[MY EXPLOITATION EDUCATION] DEATH FORCE (1978)

 

 

I love genre cinema. I will always have a soft spot for horror, action, sci-fi, and all the subgenres that exist inside those larger categories. What I have never felt any real connection to are those films that exist in the realm of pure sleaze. You know the ones: the films from the ’70s and ’80s, filled with ugly violence and sex that is the opposite of titillating, usually shot on cheap film stock with semi-amateur casts. But knowing these films have a large following and several companies devoted to restoring them makes me wonder what I am missing. So, armed with a subscription to Vinegar Syndrome’s Exploitation TV, I am going to do a deep dive into the world of sleazy exploitation. This is My Exploitation Education.

 

DEATH FORCE (a.k.a. BLACK SAMOURAI and FIGHTING MAD) is one of those movies I call a fascinating mess. It has a straightforward betrayal and revenge premise that provides the spine for a potentially entertaining exploitation action flick. For the most part, it is that entertaining action movie, but director Cirio H. Santiago (the prolific Filipino director behind the pretty good previous My Exploitation Education entry THE MUTHERS) also turns the film into a sort of efficient epic.
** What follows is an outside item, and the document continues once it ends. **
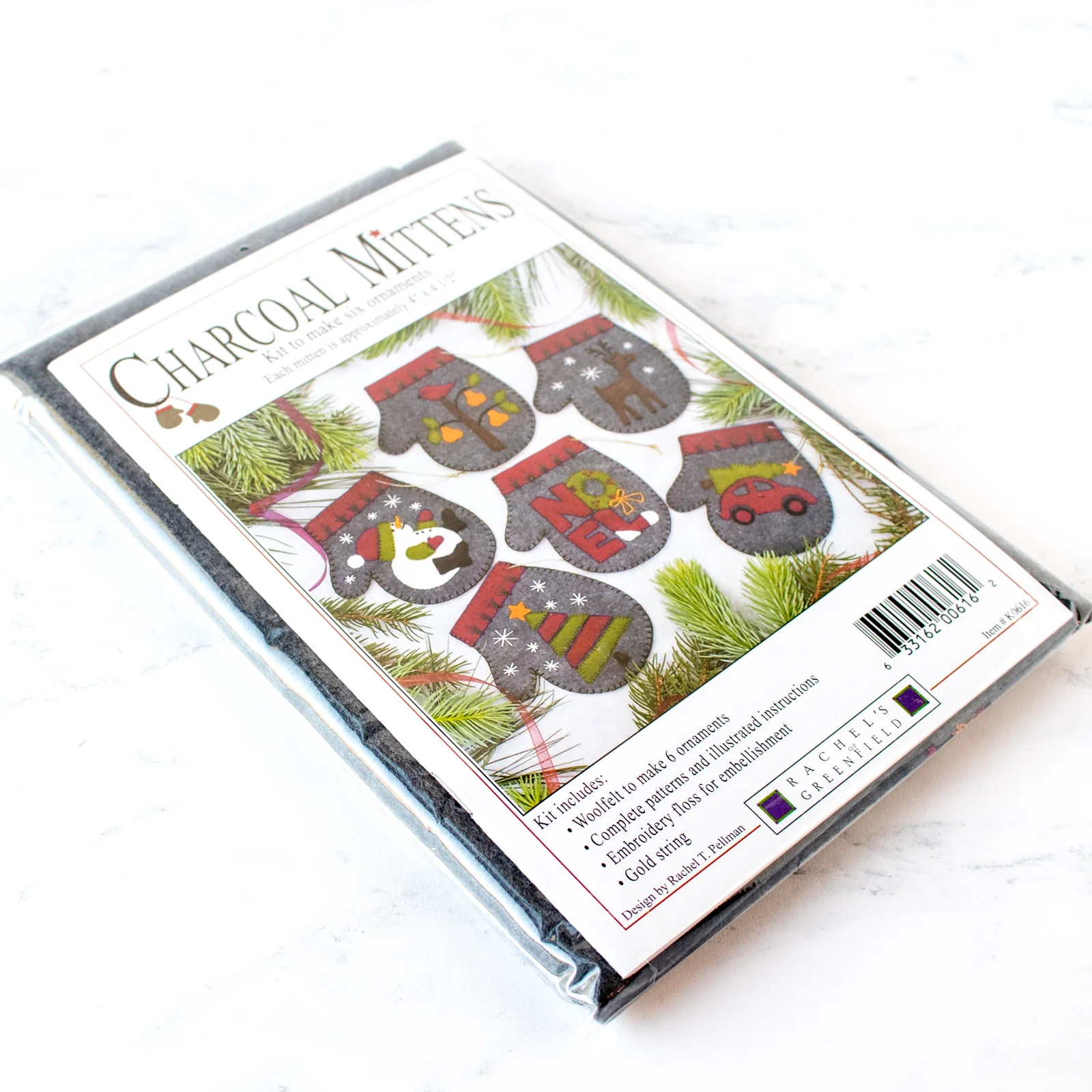 Charcoal Mitten Ornament Wool Felt Appliqué Kit - Image 2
While the actual run time clocks in at 110 minutes, it packs in so many character arcs, plot twists, and tonal shifts that it feels closer to an old Hollywood epic with all the ground it covers.

 

Doug (James Iglehart), Morelli (Carmen Argenziano), and McGee (Leon Isaac) are American soldiers returning home from the war in Vietnam. Not exactly squeaky clean guys, they managed to get their hands on several bars of gold before they left the country. At a stop over in Manila, they sell the gold below market value to a Chinese gangster and intend to start their lives over in America as rich men. But Morelli and McGee have plans to invest their share in building a criminal empire while Doug wants to go straight and simply return to his wife and child. Clearly, Doug should be watching his back. Sure enough, his partners stab him, slit his throat, dump him from their boat in the South Pacific, and head back to America with a two-way split of the money.

 

 

DEATH FORCE then quickly jumps genres as Doug washes up on the beach of a remote island. There, two old Japanese soldiers (Jose Mari Avellana, Joonie Gamboa) stranded on the island since World War II, discover him. Doug is clinging to life and the soldiers nurse him back to health. When he is at full strength again, they teach him the ways of the Samurai, turning him into a warrior with the skills to get revenge on Morelli and McGee, if only he could get off the island.

 

 

Meanwhile, Morelli and McGee are in a straight-up violent gangster movie as they use murder, arson, and the money from the sale of the gold to set themselves up as the new bosses of the criminal underworld in Los Angeles. While Morelli styles himself as an Italian mafia boss type by buying an Italian restaurant and doing business from behind a plate of pasta, McGee perversely sets his sights on seducing Maria (Jayne Kennedy), Doug’s grieving widow.

 

When the opportunity comes for Doug to get off the island, the stage is set for the two stories to collide with violent ramifications. Those expected violent results do happen, but Santiago serves them up with a heavy dose of melodrama and unexpected tragedy. While the film does earn not all of those melodramatic notes and tragic turns, they do give an unexpectedly weird vibe to a movie that is nowhere as modest in its ambitions as it initially appears.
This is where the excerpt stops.